Short text fragments from websites:
____________
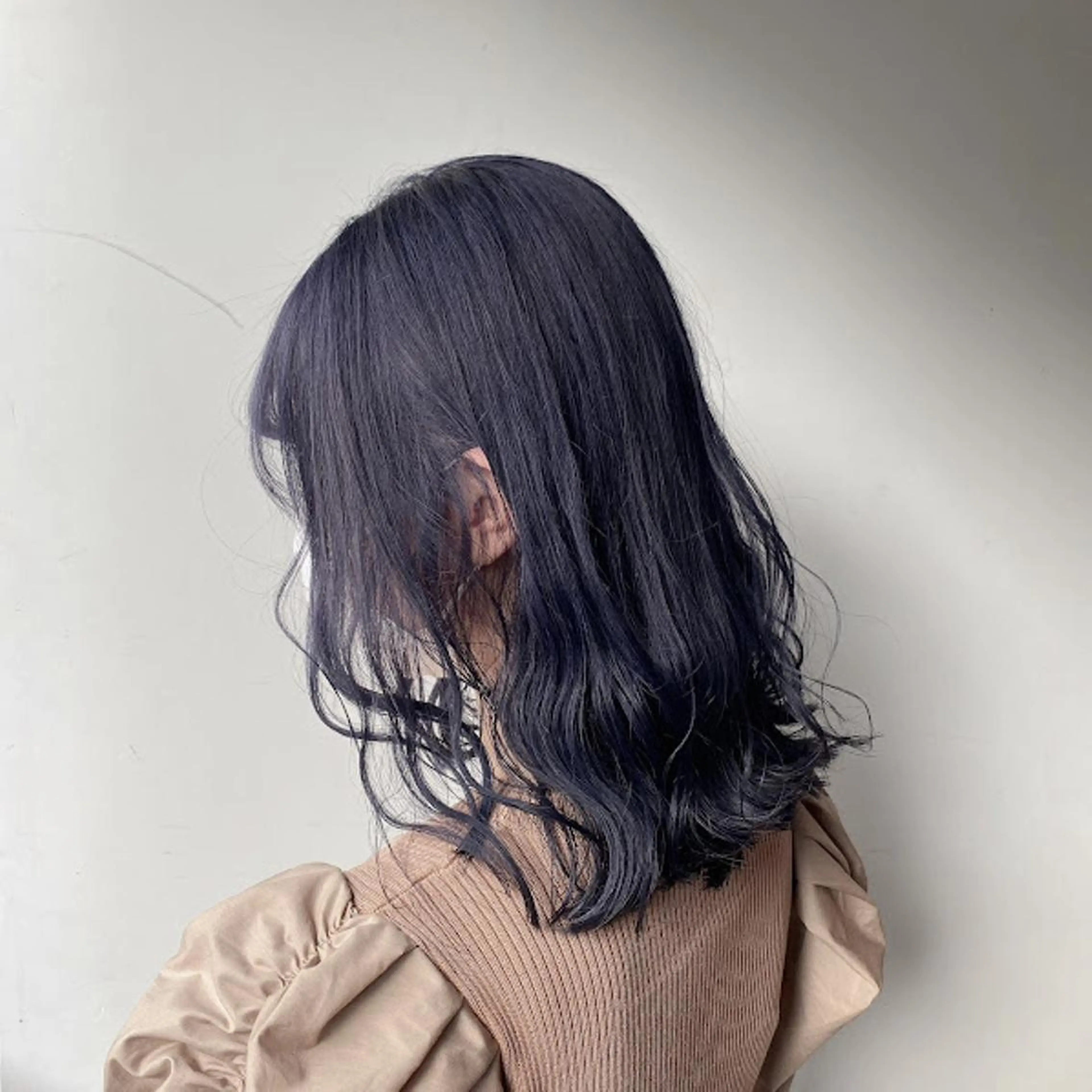 カラー 🤍CANDY横浜 【公式】🤍のヘアスタイル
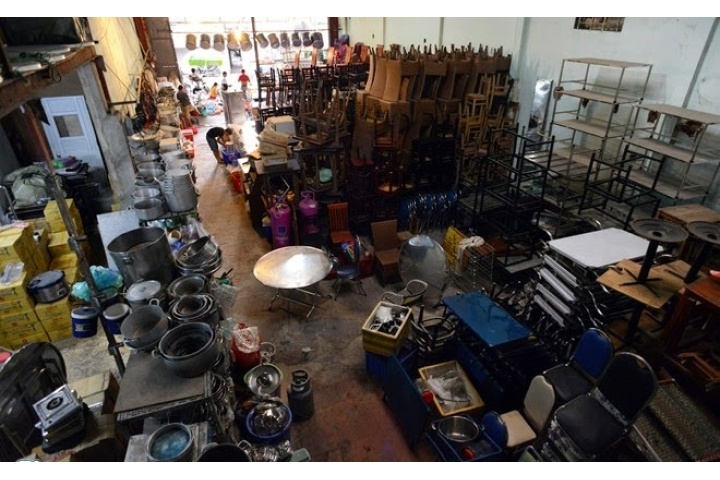 Chia Sẻ Thông Tin Miễn Phí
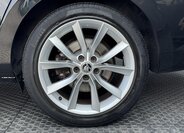 Škoda Superb Kombi 2,0 l 110 kw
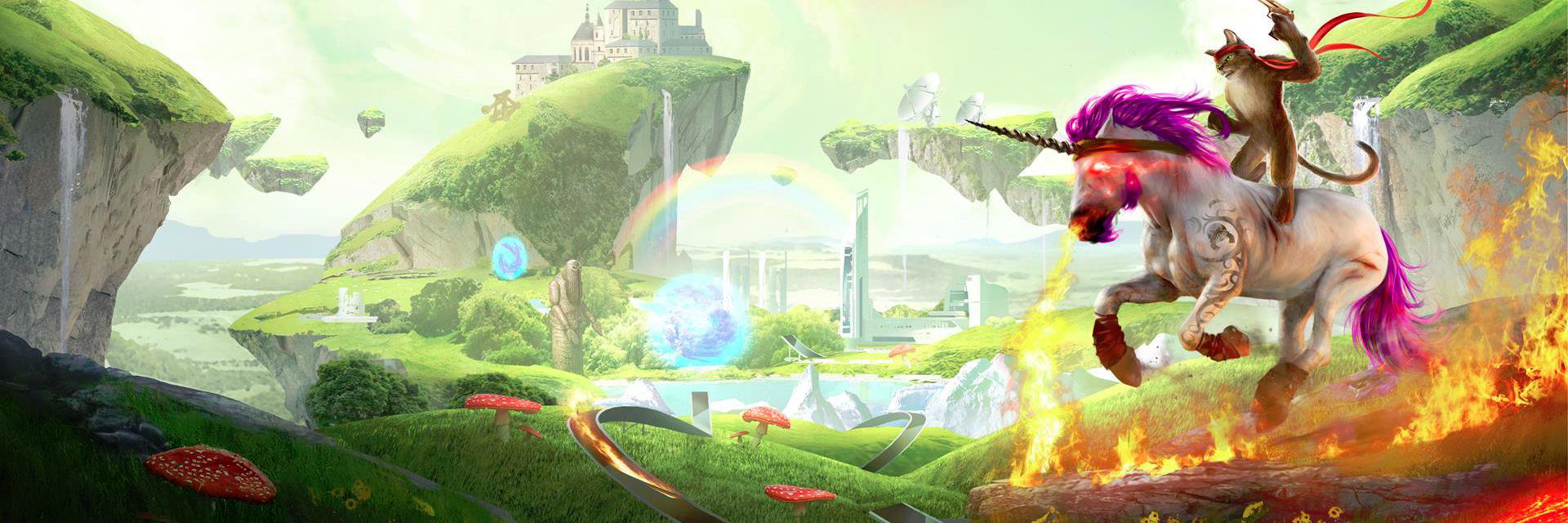 Coljeet's profile banner image
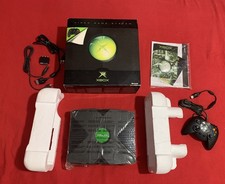 Microsoft xbox classic usato  Roma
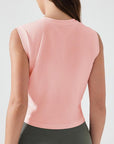 Nova Crop Tank
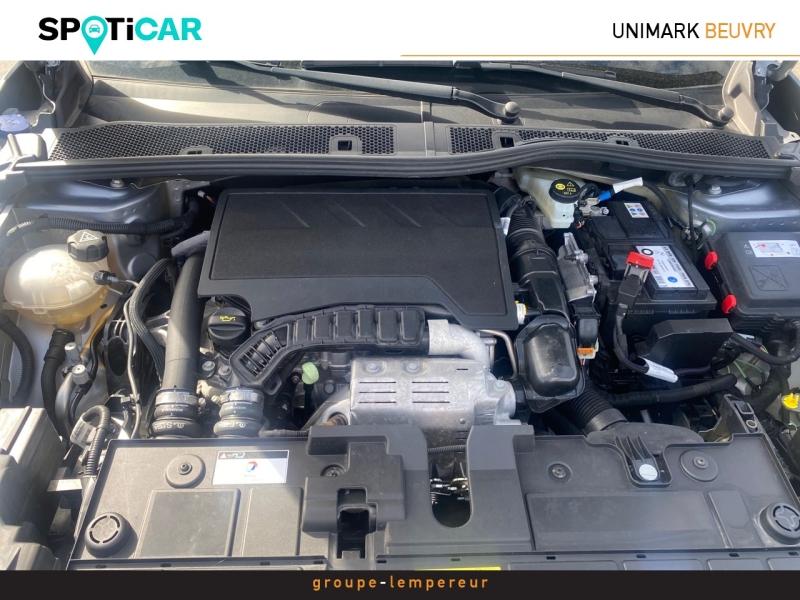 Image CITROEN C4 PureTech 130ch S&S Shine EAT8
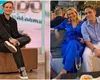 Fiul Andreei Esca a semnat cu Antena 1. La ce emisiune va apărea Aris Eram: „Gașca veselă are un nou membru”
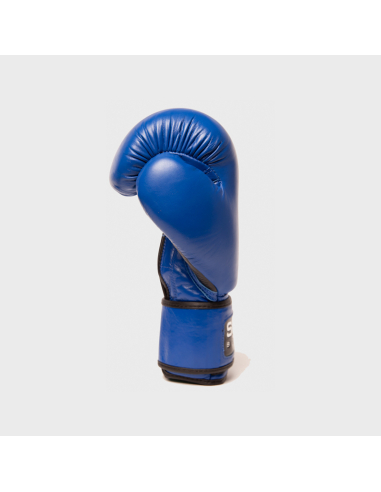 BOXING GLOVES AMATEUR HOMOL RED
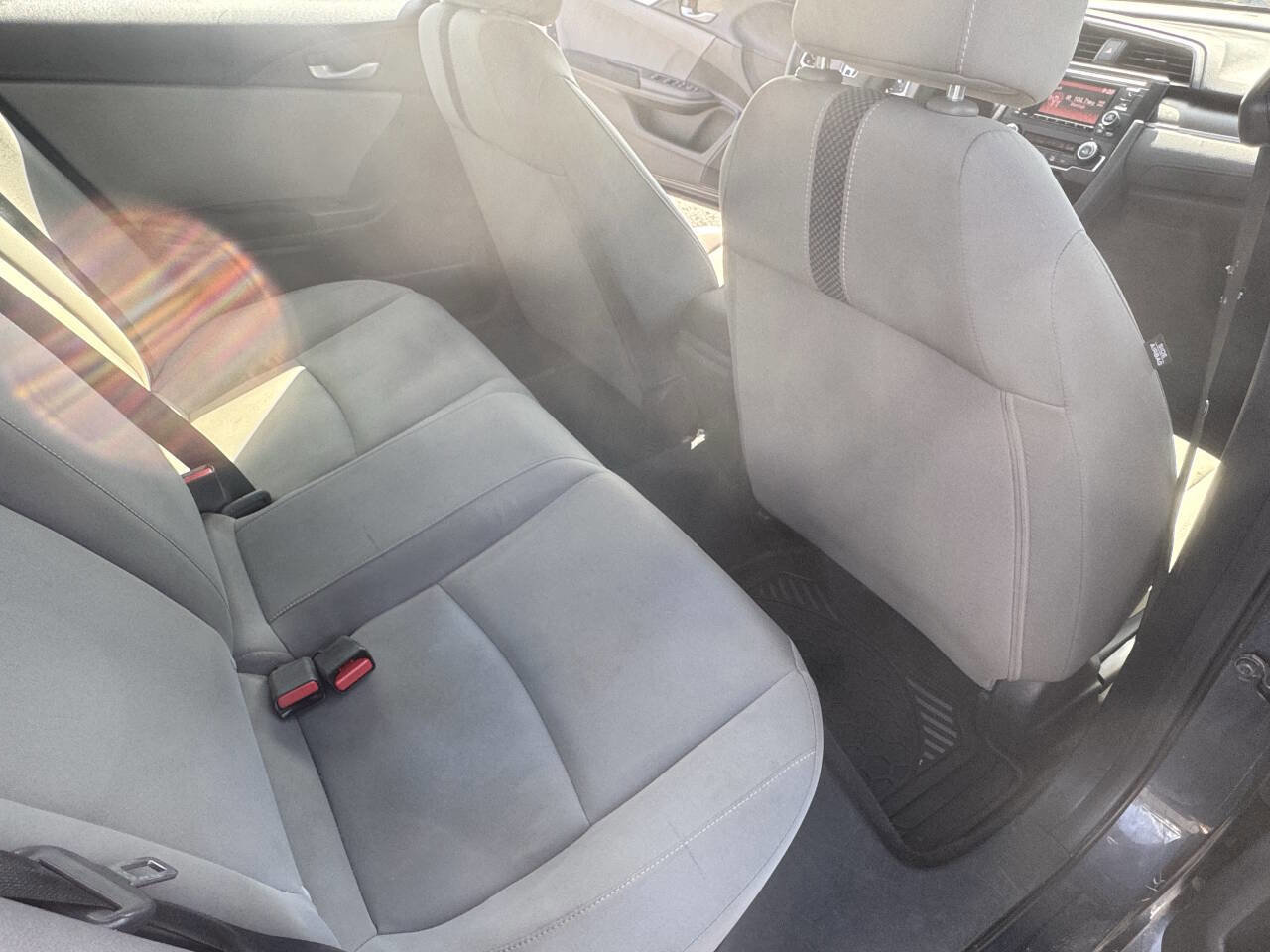 Used 2019 Honda Civic LX image 28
____________
Repeat the records word for word and drop any pictures.

* **TASK ANSWER**
 カラー 🤍CANDY横浜 【公式】🤍のヘアスタイル
 Chia Sẻ Thông Tin Miễn Phí
 Škoda Superb Kombi 2,0 l 110 kw
 Coljeet's profile banner image
 Microsoft xbox classic usato  Roma
 Nova Crop Tank
 Image CITROEN C4 PureTech 130ch S&S Shine EAT8
 Fiul Andreei Esca a semnat cu Antena 1. La ce emisiune va apărea Aris Eram: „Gașca veselă are un nou membru”
 BOXING GLOVES AMATEUR HOMOL RED
 Used 2019 Honda Civic LX image 28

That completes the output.